Children’s Fund projects face uncertain future

When the government announced last July that the Children’s Fund was to be extended for three years until 2011, initially there was relief among many programme managers that seven years of invaluable preventive work with children and young people aged five to 13 was not going to be jettisoned.

But there was a sting in the tail of the announcement: the promised £396m – £132m in each of the three years – would no longer be ring-fenced. Instead it will be routed through councils, with no guarantee that existing projects will be safeguarded.

Dave Roberts, Children’s Fund programme manager in Devon, says the government’s announcement was “slightly confusing”, with projects initially not realising that their future would now depend on being commissioned by their local children’s trust rather than accessing funding through a Children’s Fund partnership.

Voluntary sector fears

In many areas, confusion has since given way to concern about the future. A recent National Council for Voluntary Childcare Organisations survey found that 65% of Children’s Fund managers expect voluntary and community sector (VCS) services to be decommissioned from March 2008, and 58% of service providers foresee their project or service coming to an end then. Among VCS respondents, 38% expect to issue redundancy notices to staff working on Children’s Fund projects.

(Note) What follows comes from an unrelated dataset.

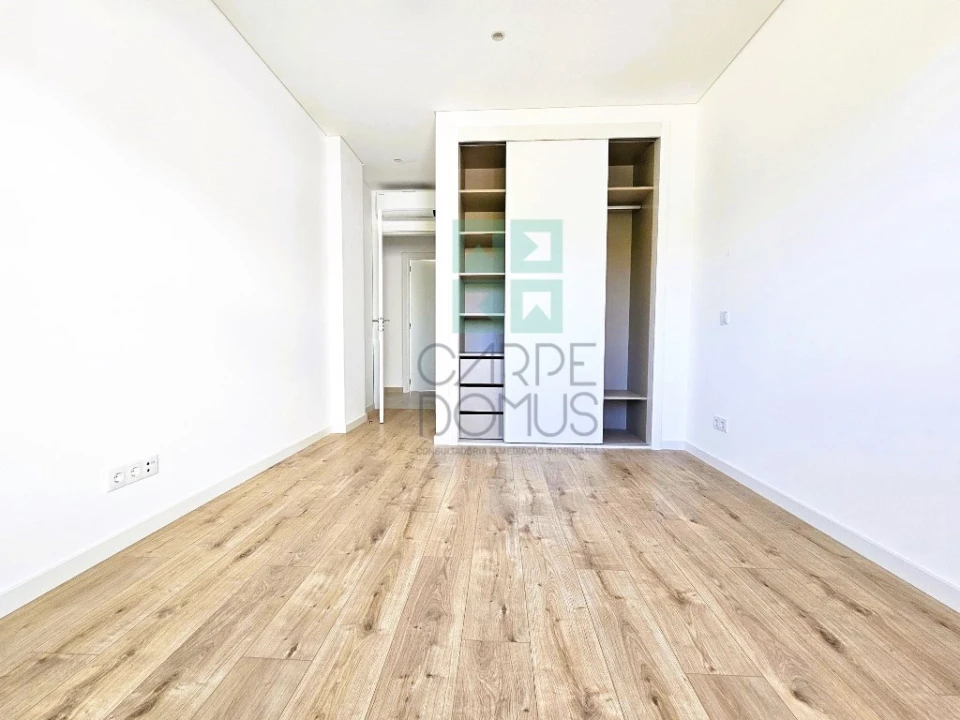 Apartamento T4 para Venda em Tavira (Santa Maria e Santiago) Foto 23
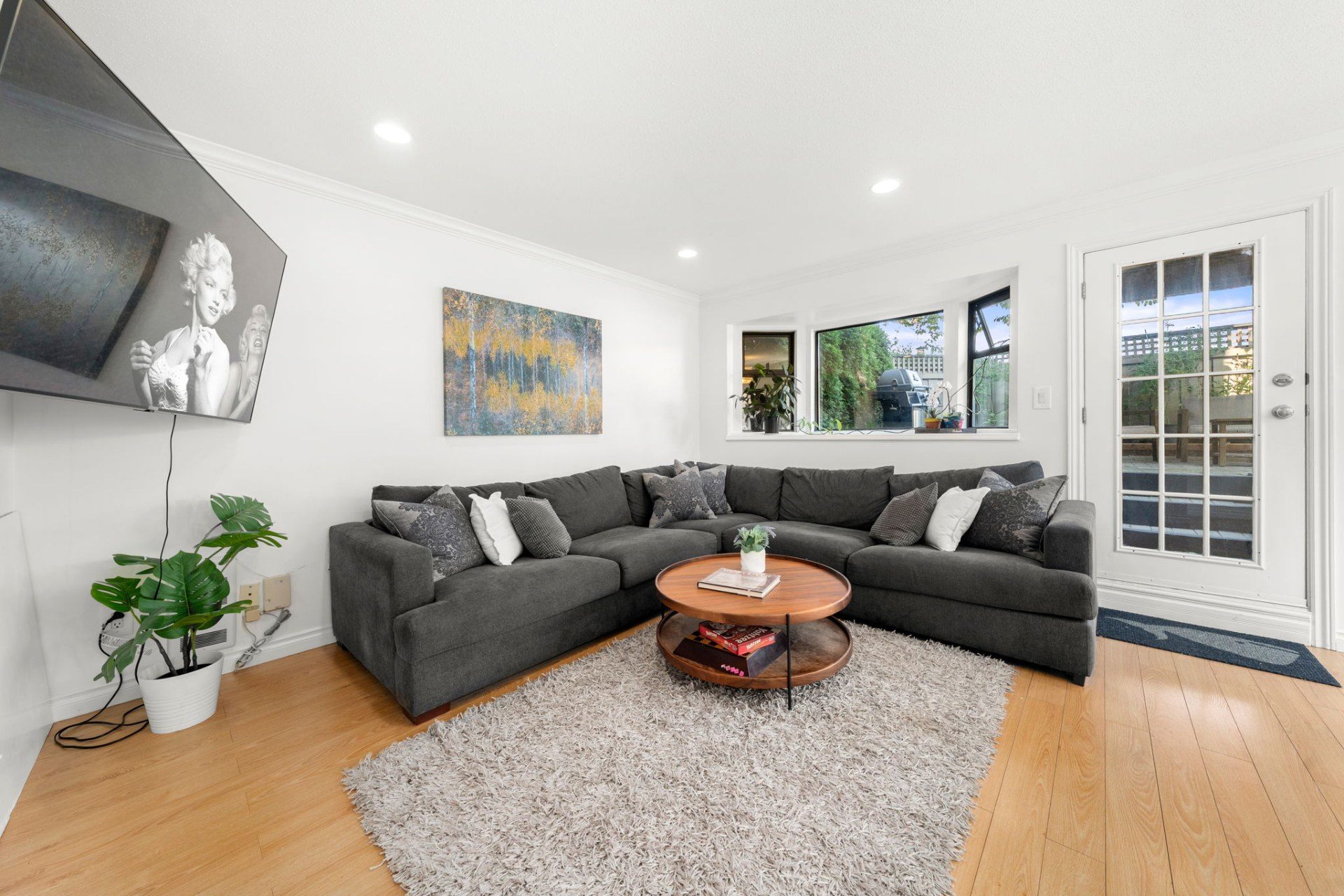 112 777 Eighth Street photo 18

However, other providers are more optimistic, pointing out that the fund’s extension has given local authorities time to get their commissioning structures in place, and given voluntary sector organisations the chance to get used to the idea of engaging in a tendering process.

Andrew Gilyead, regional director of the Children’s Society, says that his charity has been largely successful in negotiations with partner local authorities in establishing “certainty about the future of preventive services for children, and certainty about what this means for staff”.

Diverted funds

But Kate Mulley, policy and research manager at children’s charity NCH, strikes a more critical note, warning that removing ring-fencing may result in money being diverted from key areas. “That could mean services being forced to close, and the most vulnerable children losing out,” Mulley says. “We want guarantees from both central government and local authorities that this will not happen. Existing budgets must be protected.”

Prior to the July announcement, Barnardo’s was involved in 41 Children’s Fund projects. Yet the charity’s head of corporate planning, Meg Fassam-Wright, predicts there will be a £1.6m reduction in its service delivery in England come March.

“Now that the money is no longer ring-fenced, some authorities are taking things back in-house,” she says, pointing out that others have indicated they will extend existing contracts, and that others are still undecided.


Local variation

Diana Read, chief executive of Ormiston Children and Families Trust, a large voluntary sector organisation providing family support services to several authorities in the eastern region, confirms that local authorities are at different stages of developing their commissioning processes.

Read says that some councils have extended projects’ Children’s Fund funding for a year without making organisations jump through hoops to get it, while others have been granted a six-month extension. One authority is keeping the voluntary sector on tenterhooks by stipulating that programmes wanting an extension must apply then wait to hear if it will be granted for three or six months.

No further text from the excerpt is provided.